Since Circular No. A-25 is silent as to the extent of its
application to government information dissemination products,
full cost recovery for information dissemination products might
be interpreted to include the cost of collecting and processing
information rather than just the cost of dissemination. The
policy in Section 8a(8)(c) clarifies the policy of Circular No.
A-25 as it applies to information dissemination products.
Statutes such as FOIA and the Government in the Sunshine Act
establish a broad and general obligation on the part of Federal
agencies to make government information available to the public
and to avoid erecting barriers that impede public access. User
charges higher than the cost of dissemination may be a barrier to
public access. The economic benefit to society is maximized when
government information is publicly disseminated at the cost of
dissemination. Absent statutory requirements to the contrary, the
general standard for user charges for government information
dissemination products should be to recover no more than the cost
of dissemination. It should be noted in this connection that the
government has already incurred the costs of creating and
processing the information for governmental purposes in order to
carry out its mission.
Underpinning this standard is the FOIA fee structure which
establishes limits on what agencies can charge for access to
Federal records. That Act permits agencies to charge only the
direct reasonable cost of search, reproduction and, in certain
cases, review of requested records. In the case of FOIA requests
for information dissemination products, charges would be limited
to reasonable direct reproduction costs alone. No search would be
needed to find the product, thus no search fees would be charged.
Neither would the record need to be reviewed to determine if it
could be withheld under one of the Act's exemptions since the
agency has already decided to release it. Thus, FOIA provides an
information ``safety net'' for the public.
While OMB does not intend to prescribe procedures for pricing
government information dissemination products, the cost of
dissemination may generally be thought of as the sum of all costs
specifically associated with preparing a product for
dissemination and actually disseminating it to the public. When
an agency prepares an information product for its own internal
use, costs associated with such production would not generally be
recoverable as user charges on subsequent dissemination. When the
agency prepares the product for public dissemination, and
disseminates it, costs associated with preparation and actual
dissemination would be recoverable as user charges.

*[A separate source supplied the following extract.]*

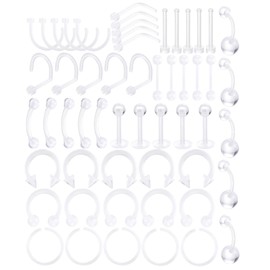 Oveta 55pcs Clear Piercing Retainers Flexible Bioflex 14G 16G 20G Navel Belly Button Ring Lip Labret Eyebrow Tongue Barbells Cartilage Tragus Earrings Retainer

When agencies provide custom tailored information services to
specific individuals or groups, full cost recovery, including the
costs of collection and processing, is appropriate. For example,
if an agency prepares special tabulations or similar services
from its databases in answer to a specific request from the
public, all costs associated with fulfilling the request would be
charged, and the requester should be so informed before work is
begun.
In a few cases, agencies engaging in information collection
activities augment the information collection at the request of,
and with funds provided by, private sector groups. Since the
1920s, the Bureau of the Census has carried out, on request,
surveys of certain industries at greater frequency or at a
greater level of detail than Federal funding would permit,
because gathering the additional information is consistent with
Federal purposes and industry groups have paid the additional
information collection and processing costs. While the results of
these surveys are disseminated to the public at the cost of
dissemination, the existence and availability of the additional
government data are special benefits to certain recipients beyond
those accruing to the public. It is appropriate that those
recipients should bear the full costs of information collection
and processing, in addition to the normal costs of dissemination.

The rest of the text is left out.